Surat untuk Sang Bung





Tanpa mengurangi rasa hormat dan kerinduanku atas batu nisan yang menggambarkan kegagahanmu, Maaf Bung dalam kesempatan ini tidak bisa mendengarkan kesaktian dari wejanganmu. Bukan aku tidak mendengar suara gamelan lirih atau metaphor yang terkandung. Namun bung saya akan lebih cemas ketika kau menanyakan “Dalam rangka apa, untuk apa dan mau apa, lalu sampailah pada pertanyaan seperti apa, bagaimana dan kenapa-lagi-lagi terus menyakitiku”.
Surat ini saya tuliskan teruntuk yang terkenang, semoga kau tenang dan damai, dalam dekapan hangat Tuhan yang Maha Esa semoga jasamu semasa hidupnya akan di perhitungkan sebagai amal baik-sehingga saat ini pada detik ini pula kau masih merasakan yang terbaik dari yang paling baik. Bung ijinkan aku mengutip dan mengamalkan prinsip dari saudara seperjuanganmu, Bung Tomo terpujilah yang “terdahulu”.

“selama banteng-banteng Indonesia masih mempunyai darah merah yang dapat membikin secarik kain putih merah dan putih maka selama itu tidak akan kita akan mau menyerah kepada siapapun juga”

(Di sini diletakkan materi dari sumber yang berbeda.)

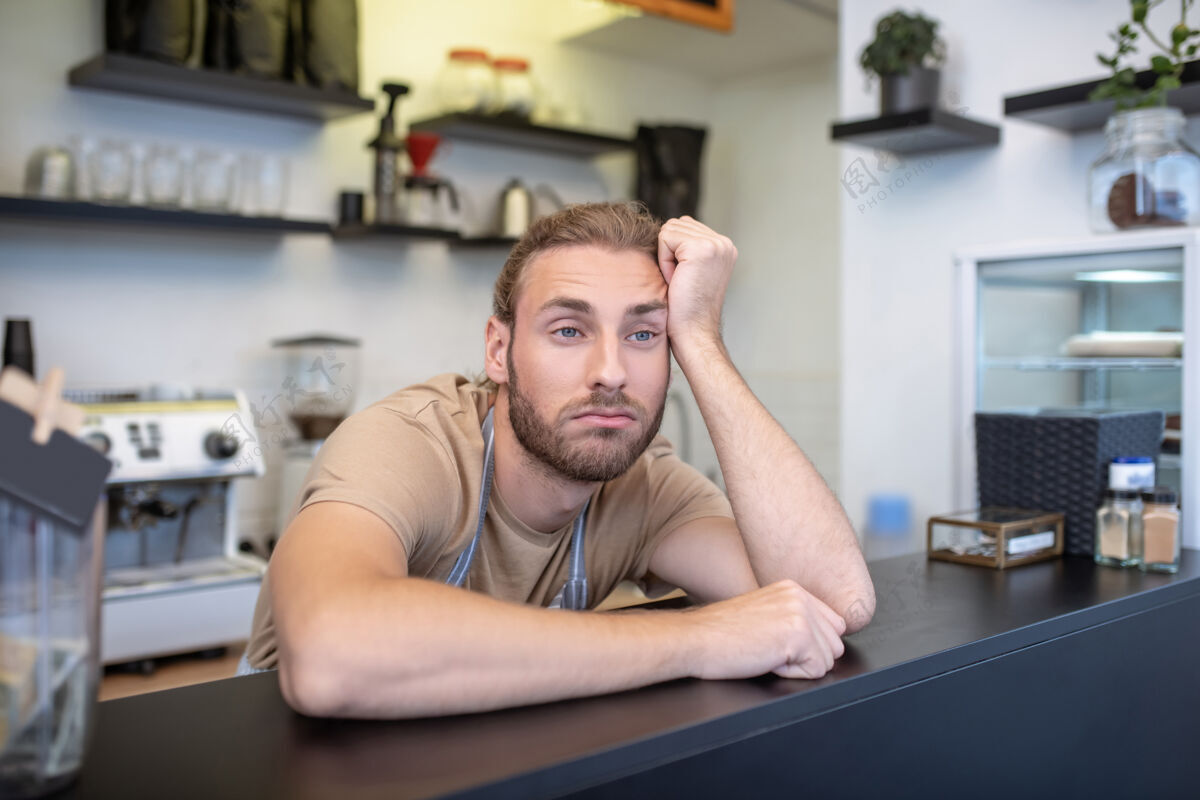 沮丧失望沮丧一个穿着条纹围裙和T恤的年轻人坐在咖啡馆的吧台后面 无聊极了围裙启动自营职业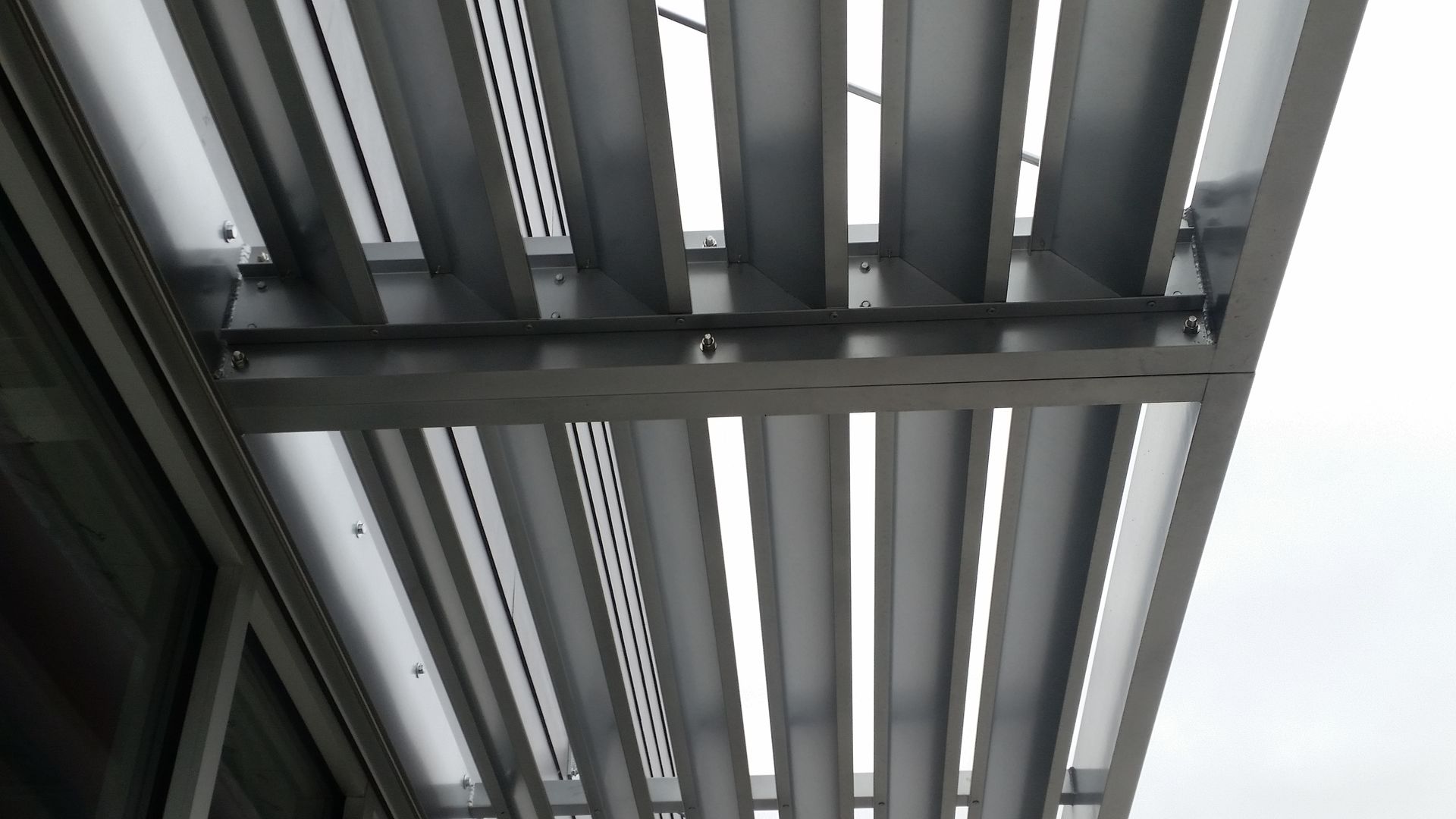 Underside of a metal bridge or overpass with gray beams against a cloudy sky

Tak perlu kau risaukan, sebab misi kita sama, sama dalam satu bakti. Kami bicara padamu dalam hening di malam sepi jika ada rasa hampa dan jam dinding yang berdetak, kenang, kenanglah kami teruskan, teruskan jiwa kami menjaga Bung Karno menjaga Bung Hatta menjaga Bung Sjahrir Sekali lagi aku ingin mengutip tulisan dari Khairil Anwar “ini barisan tak bergendrang-berpalu Kepercayaan tanda menyerbu Sekali mati Sudah itu mati”
Salam hormatku, Bung dalam gerbang kemerdekaan yang kau peruntukkan untuk bangsamu, bangsa kita ini seringkali melenakan, Ideologi bangsa hanya sebagai status semu. seringkali saya di mabukkan oleh banyaknya kebijakan yang katanya demi bangsa dan Negara. saya melihat benih-benih penjajahan tertanam dalam setiap jiwa orang Indonesia, dan saat ini sudah mulai tumbuh subur.
Bung, bukan hendak menyakitimu dengan mengingaatkan semua peristiwa yang terbengkalai tak beraturan, bukan menyesali sebuah kemerdekaan yang nyaris tanpa peran, surat ini adalah ulasan dari perccakapan saudara-saudara yang kehilangan rumah tempat tinggalnya, dari saudara yang hilang kios-kios tempat jualannya, dari saudara pemulung di kampung-kampung, dari saudara yang jujur di kalahkan oleh kelalaian, dari saudaara-saudara pedalaman yang terus di manfaatkan, dari orang-orang yang “buta huruf” di penggal haknya.
Bung, keberadaan mereka semakin memprihatinkan tanpa ada titik terang. Semoga saja, Bung suara gamelan lirihmu terdengar kesemua plosok di negri ini. Perdengarkan terlebih kepada mereka pemilik stempel Negara.
Mas Karman Pemimpi, Pejuang, dan Penakhluk.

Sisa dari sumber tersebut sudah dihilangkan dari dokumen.